Here is a document I worked up the last time "verbing properties" was
addressed on this list...it's a proposal based very loosely on C++.  If
people have suggestions, I'd love to hear them.  If people express real
interest in using this in a production setting, I'll work on the hack as
soon as the debugger is stable....

Draft MOO Encapsulation Standard
v 0.1

PURPOSE
  The MOO encapsulation standard is designed to address a perceived
shortcoming in the MOO server's handling of access control.  The existing
(v1.8.0p5) MOO access control is based solely on an operating system
model.  Objects, properties, and verbs have owners and permission bits
very reminiscent of those found in a UNIX-like file system.  Current MOO
permission checking is designed to maintain security in a multi-user
environment.
  MOO should, however, be viewed as a programming language as well.  The
MOO programming language has no practical method of enforcing
encapsulation.  This lack of enforcable encapsulation has produced
several unfortunate side effects.  Most notable among these is a lack of
"reusable objects".  One of the chief advantages cited for object-
oriented programming is the reusability of code in an OO environment.  It
is worth noting that there are virtually no generic objects being shared
by the MOO community.  Generally, interdependent groups blocks of objects
(cores) are created; this seems to violate the spirit of object-oriented
programming.

  Enforced encapsulation would address several concerns raised on the
MOO-Cows mailing list.  It includes support for verb "overridability"
control.  It would also serve as a solution for those programmers who
wanted to "verb properties"--that is, force all property access to go
through MOO verbs.  In fact, the features mentioned here (many of which
are admittedly based on C++) represent a feasible solution to the very
real problem noticed by the people interested in verbing properties.

SCOPE
  Under the proposed encapsulation modifications, all tasks would have a
scope associated with them.  This scope would be the object on which the
currently running verb *is defined*--NOT the value of this, and
definitely not the value of player.  Note that this represents a drastic
departure from current MOO access control methods, which operate based on
the player 'responsible' for a given task.  The ability to run a task
under a non-standard scope is addressed later in this document.

THE OVERRIDE BIT
  The override (O) bit is a new permission bit added to all verbs under
the proposed encapsulation standard.  A verb called on an object, such as
#99:tell(), would *not* look first at #99:tell().  Rather, it would begin
searching from the top of #99's ancestor list.  The first non-overridable
:tell verb it found would be selected for execution.  Thus, if #99's
parent was #54, whose parent was #1, and #54 defined a -O :tell() verb,
#54:tell() would be executed with this = #99.  If, however, #54:tell()
was +O and #99:tell() existed, #99:tell() would be called (with this =
#99, of course).  The best analogy for this is the virtual keyword in
C++.

SCOPED VERB CALLS
  If the verb #99:tell() existed, but #54:tell() was set -O, there would
be a way to call #99:tell() directly using would use scoped verb calls.
The syntax of a scoped verb call is

  #99::#99:tell();

  Or, more generally,

  <#this>::<#verb location>:<verb>();

  This would raise an error if <#verb location> was not <#this> or an
ancestor of <#this>.  The placement of the double-colon between the two
object numbers rather than between the verb location and the verb name is
needed to implement this syntax in a LALR, 1-lookahead token parser.
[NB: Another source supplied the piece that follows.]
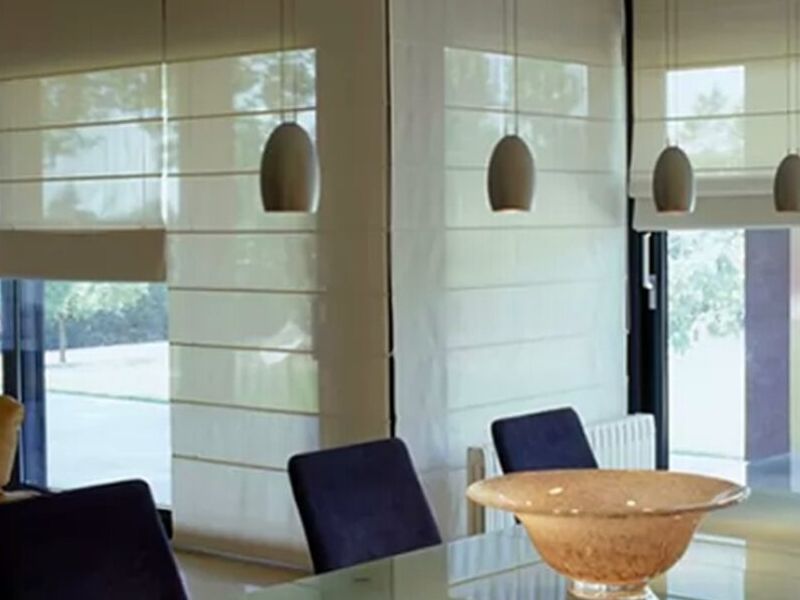Cortinas Romanas Chile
PUBLIC, PRIVATE and HEREDITARY
  These are the access modifiers responsible for enforcing encapsulation.
All properties, verbs, and objects can be set P (public), H (hereditary),
or neither (private).  The effects of public, private, and hereditary
scope for objects, verbs and properties are discussed below.

  Properties:
  A public property behaves just as a MOO property currently does.  That
is, it can be read and modified by tasks running in *any* scope.  A
hereditary property may be seen and modified *only* by tasks running in
the scope of the object on which the property *is defined* or a
descendent thereof.  A private property may be seen and modified only by
a verb in the scope of the object on which the property is defined.  An
attempt to access a property unavailable to the current scope raises
E_PROPNF.
  Note that, if #54 defines a private property .foobar, then #99.foobar
is visible only to the scope of #54--NOT to the scope of #99.  This
permits true encapsulation and data abstraction in a way that MOO
currently does not.

  Verbs:
  A public verb behaves just as a MOO verb currently does (see below).
It may be called by a verb from any other scope.  A hereditary verb may
be called only by scope of the object on which it is defined or an
ancestor of that object.  A private verb may be called only by another
verb in the scope of the object on which it is defined.  A hereditary or
private verb is treated as if it did not exist when searching for a verb
to execute unless the current scope can see the verb.  If #54:tell()
existed, was -O, but was private, then a call to #99:tell() from any
scope but #54 would not see the -O verb #54:tell() and would ascend to
#99:tell().

  The C++ analogy for these permissions is, of course,
public/protected/private.  Unfortunately, all begin with 'P', making my
life and yours just a bit more difficult.

ALTERING SCOPE
  At some point, programmers are inevitably going to want to operate in a
different scope than they are currently using--especially with eval,
whose scope is #-1, meaning it is private to no object.

  Three proposals are presented below, from most strict to least.  I am
in favor of 1 or 2, and really want to avoid 3.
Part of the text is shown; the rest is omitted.